Ric, Moussa, and Zoumana

David provided assistance with statistical analysis, and he actually kicked off the entire workshop with a demonstration of ODK to illustrate how it can serve as a useful research tool for gathering data in the field.

Throughout the week, I worked in a consultative capacity with the project teams and helped them map their data and in a few cases do some preliminary spatial analysis. I managed to work with 11 out of the 12 teams. We used open source tools for everything, relying primarily on QGIS to generate data and maps for the projects.

Working with Laouali, an entomologist from Niger working on the GIMEM project, which aims to reduce the damage done by the pearl millet head miner

Here I am working with the Processing team, Fatou Bah and Moustapha Moussa. She is based in Burkina Faso and he is based in Niger.

Here are a few examples of maps I made with the research teams:

Bambara nut average yield in Kg/Ha

Fonio extent of cultivation with study sites, landcover, and isohyets

GIMEM sites in Mali, Burkina Faso, and Niger with study sites and landcover

Areas of climatic similarity for Seed Systems sites in Mali relative to the balance of the CCRP West African Region. The redder the cell, the higher the climatic similarity; the greener, the lower. I created this map using Homologue

I spent the vast majority of my time in Ouaga inside the hotel. However, I did have some time to explore the hotel grounds and the area immediately around the hotel. It was extremely hot the entire time I was there (mid-100s F during the day). There were a lot of lizards around (and occasionally in) the hotel where the workshop was held.
Rainbow agama, one of many species of lizards around (and occasionally in) the hotel
I'd read about millet beer prior to making the trip, and at our group dinner, David very helpfully asked the locals where I might be able to try some. Hamado expressed some reservations about doing so at a local village, explaining that he got terribly sick after drinking millet beer at one of the attendee's villages! A couple of days later, he gave me this:

RAAM, a (safe!) locally brewed millet beer, given to me by Hamado
The closest thing I can compare it to is a Belgian sour beer. It had a lot of interesting flavor notes, but on balance, I couldn't get past the sourness. Not my favorite beverage of all time, but at least I got to try it!

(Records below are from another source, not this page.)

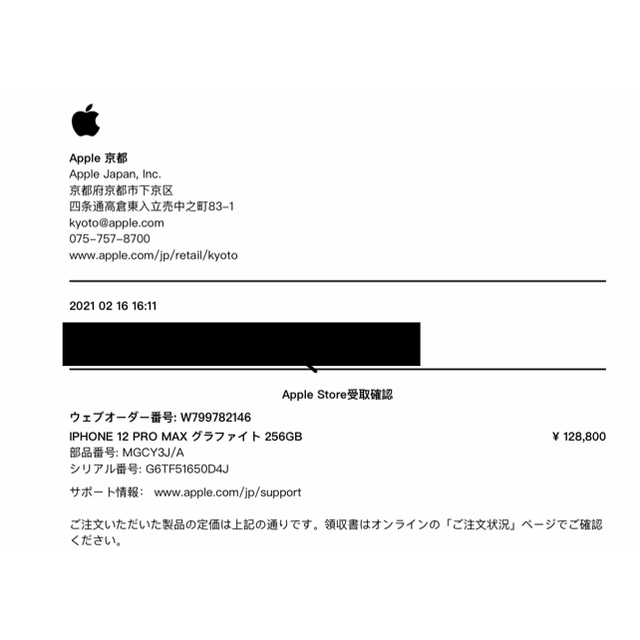 iPhone 12Pro MAX グラファイト　256GB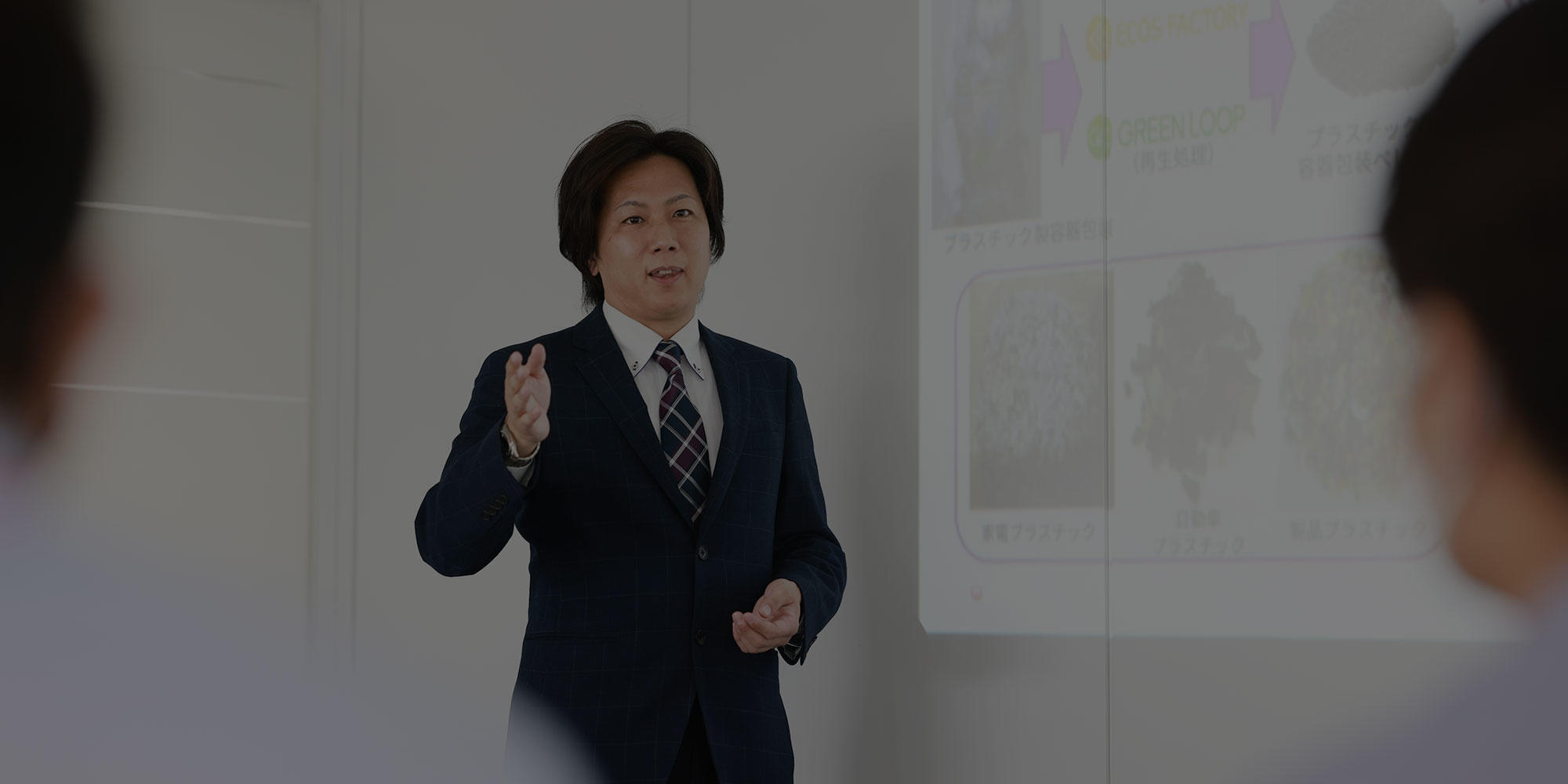 人財開発について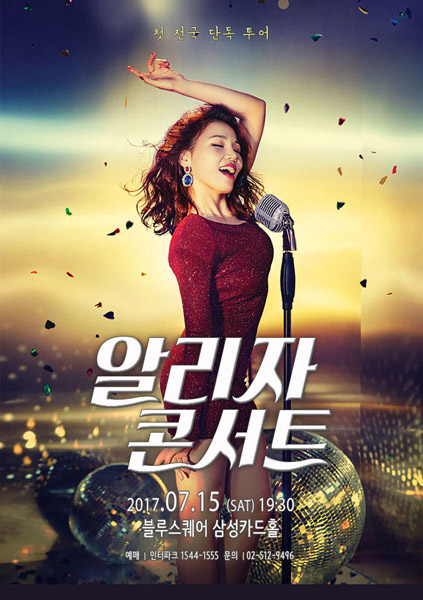 [영화·콘서트 보러갈까] 카3:새로운 도전 外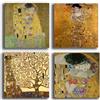 Printerland Quadri Moderni KLIMT 4 pz. cm 30x30 cad. Stampa su Tela CANVAS Arredamento Arte Astratto XXL Arredo per soggiorno salotto camera da letto cucina ufficio bar ristorante (4pz. 30x30 cm, 13)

Parc Urbain Bangr Weogo, an excellent urban birding location
My flight did not leave Ouagadougou until 11 pm the day after the workshop ended, so I hired a cab to take me out to Parc Urbain Bangr Weogo at sunrise, a very large park northeast of the hotel. It has a variety of habitats, including scrub, riparian forest, and ponds. My main objective was to do some birding, and I was shocked at the diversity of species--I saw over 50 species in two hours! Truly remarkable. Highlights were the northern red-billed hornbill, African paradise flycatcher, Hoopoe, pied kingfisher, and little green bee eater.

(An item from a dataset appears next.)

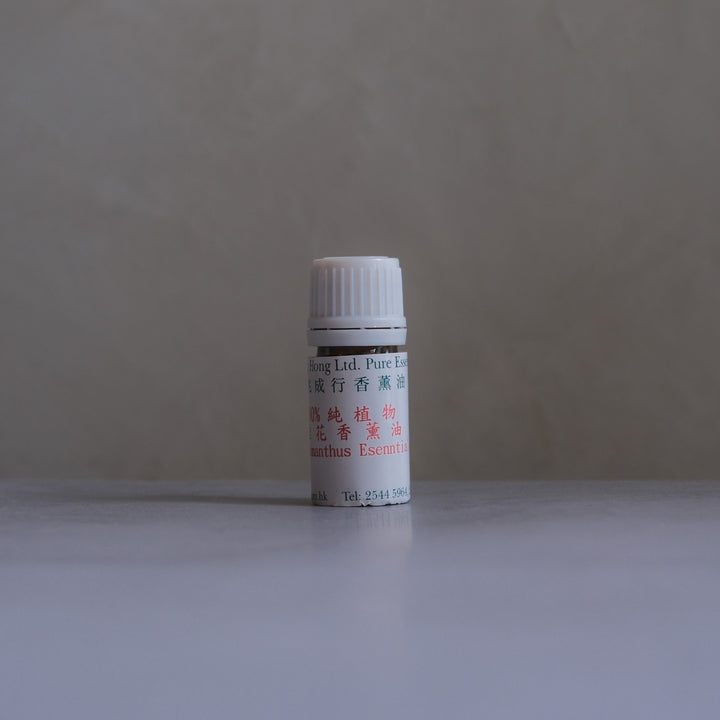 兆成行天然桂花精油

I also saw a crocodile in one of the ponds.

When it started to get warm, I asked the taxi driver take me to the Village Artisanal de Ouaga, a government run market where local artisans sell their wares. It was refreshingly hassle-free and a great place to check out a wide variety of locally produced goods, including masks, jewelry, drums, tapestries, and bronze. Unfortunately there were very few tourists there, and all of the artisans were working hard and producing some pretty high quality work. I wanted to buy something from every one of them, but in the end purchased masks, jewelry, and bracelets from five different vendors.

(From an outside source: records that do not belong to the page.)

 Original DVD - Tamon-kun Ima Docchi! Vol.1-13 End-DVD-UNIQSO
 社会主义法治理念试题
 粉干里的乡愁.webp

Some of the wares on offer at the Village Artisanal de Ouaga

Overall, the visit was intense, occasionally challenging, and very productive. I truly enjoyed working with all of the researchers and the support staff, and hope to return to the region again someday to continue working with the CCRP projects. And maybe do a little more birding and exploring!


JMass said...

Nice summary of your trip Matt! Sounds like an interesting place. I didn't know you were an ornithologue also - 50 birds in a few hours is quite impressive!

pramod said...

Great work Matt in the GIS field, liked your blog and this article too. I am also a GIS blogger and work full time as a GIS analyst.